Reach Out Response Network
- Formation: 2020
- Headquarters: Toronto
- Co-founders: Asante Haughton, Rachel Bromberg
- Website: https://reachouttoronto.ca/

= Reach Out Response Network =

Toronto advocacy organization

Reach Out Response Network is a Toronto based organization that advocates for the City of Toronto to increase community-led responses to mental health emergencies.

== Organization ==
Reach Out Response Network is a community-led Toronto-based organization that was founded by Rachel Bromberg and Asante Haughton in 2020. It was based on the Crisis Assistance Helping Out On The Streets program run by the Eugene Police Department with a strong focus on advocacy work.

== Activities ==
In July 2020, co-founders Haughton and Bromberg published an op-ed in the Toronto Star promoting the organization. This created an influx of volunteers and a connection to Mohamed Shuriye, the City of Toronto's new manager of policing reform.
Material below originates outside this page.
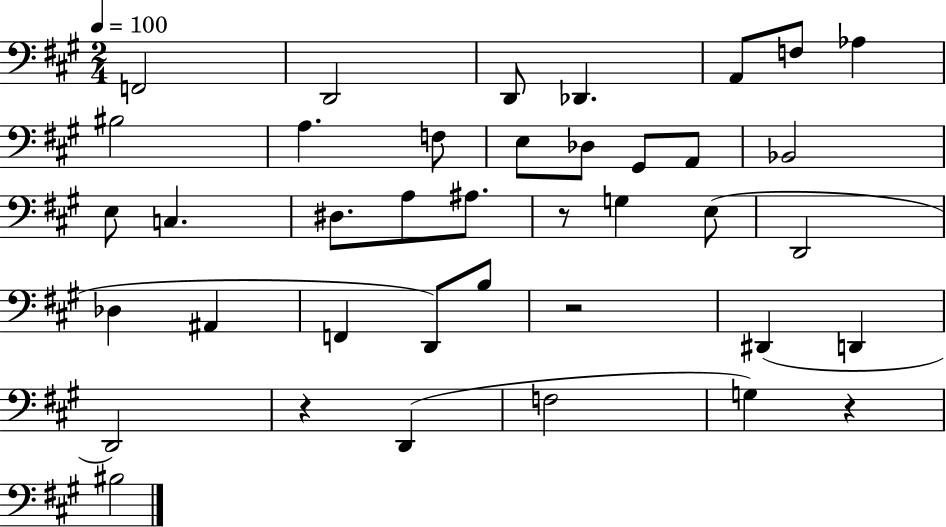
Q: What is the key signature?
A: A major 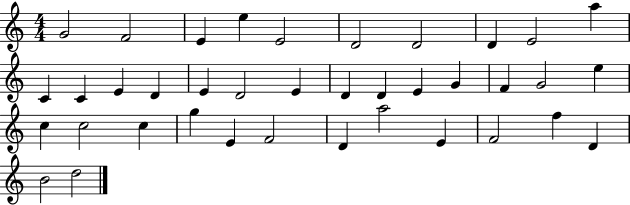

In 2020, they submitted a 92-page report of recommendations to the City of Toronto.

Their 2021 publication Report on International Crisis Response Team Training documented alternatives to police response to mental-health-related emergencies. Later in 2021, the group welcomed the City of Toronto's decision to pilot community-led responses to 911 calls about mental health crises.